Na mesma linha, o Fórum Brasileiro de Segurança Pública divulgou uma nota lamentando o decreto. “Trata-se de uma aposta na violência, uma vez que existem evidências bastantes robustas dentro do debate sobre segurança pública que, quanto mais armais, mais crimes. Inicialmente, lamentamos que o presidente Jair Bolsonaro tenha optado por evitar a discussão do assunto, no Congresso e na sociedade, quando decidiu realizar a alteração por decreto. A falta de contraditório sempre empobrece o debate”, diz a nota, que traz também números sobre circulação de armas e critica os mecanismos de controle: “94,9% das armas apreendidas em 2017 não foram cadastradas no sistema da Polícia Federal (SINARM) e 13.782 armas legais foram perdidas, extraviadas ou roubadas, o que equivale a 11,5% das armas apreendidas pelas polícias no mesmo ano. É como se um mês de trabalho das polícias tivesse se perdido”.
Porte velado
Além de apontar que já havia previsão legal para civis terem armas no Brasil, Natália Pollachi, coordenador de projetos do Sou da Paz, chama atenção para outro quadro grave que vinha se arrastando e tende a piorar: a flexibilização de permissão concedida pelo Exército à civis, os enquadrados nos CACs (Colecionador, atirador ou caçador) e o artigo 2º do decreto que automatiza as permissões anteriores. “Não só os registros novos que vão durar dez anos, você pega os registros antigos que inclusive estão expirados e simplesmente renova sem checar se os requisitos de antecedentes criminais, de atestado psicológico, qualquer dessas outras coisas continuam vigentes. Vai vir de baciada. Até mesmo a renovação passar de 5 para 10 anos é bem preocupante. O laudo de aptidão psicológica e técnica não tem validade de 10 anos”, critica.

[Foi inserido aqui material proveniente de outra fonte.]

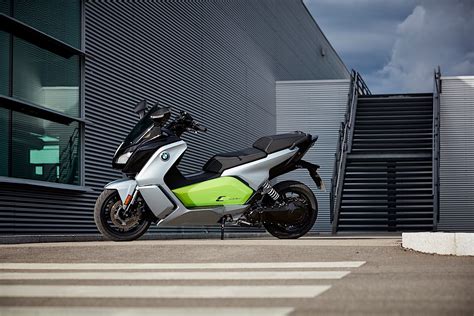 2017 BMW C Evolution Electric Scooter Makes Its Debut - autoevolution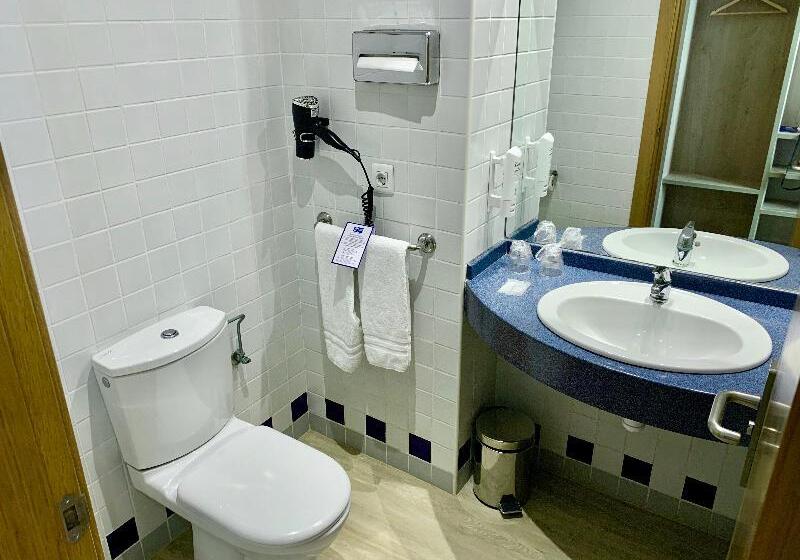 身障者適用スタンダードルーム, Microtel Inn & Suites By Wyndham Amsterdam
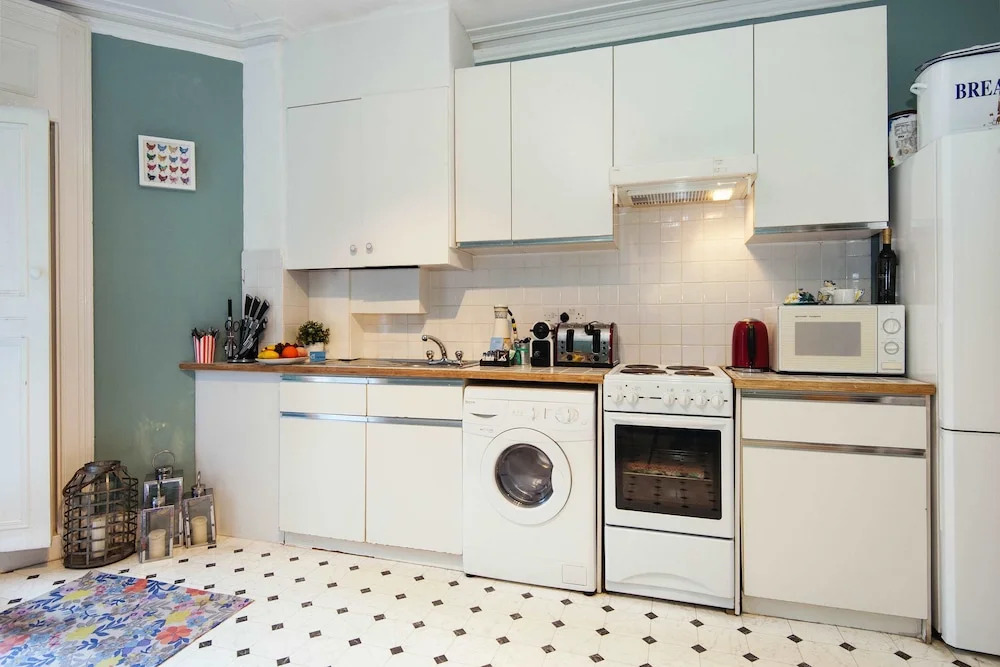 Bright Marloes Road Abode - CNRO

Sobre o chamado ‘porte velado’, Natália cita uma portaria do Exército, que permite que atiradores esportivos carreguem a arma da sua casa até o clube ou stand de tiro. Isso alterou significativamente os registros e de 2015 para 2016 houve aumento de mais de 200% nos registros feitos via Exército. Em 2017, foram mais de 57 mil registros, o maior número desde 2012, segundo dados fornecidos pelo Exército via LAI ao Sou da Paz. “É um porte velado. Como fiscalizar se a pessoa está fazendo mesmo esse trajeto? Abriu-se como uma janela, um atalho para conseguir o acesso a armas pelo Exército e isso é grave. Principalmente nos últimos tempos que o Exército tem se envolvido tanto na segurança pública. É muito comum ouvir: basta se filiar a um clube de tiro que consegue a arma”, conta.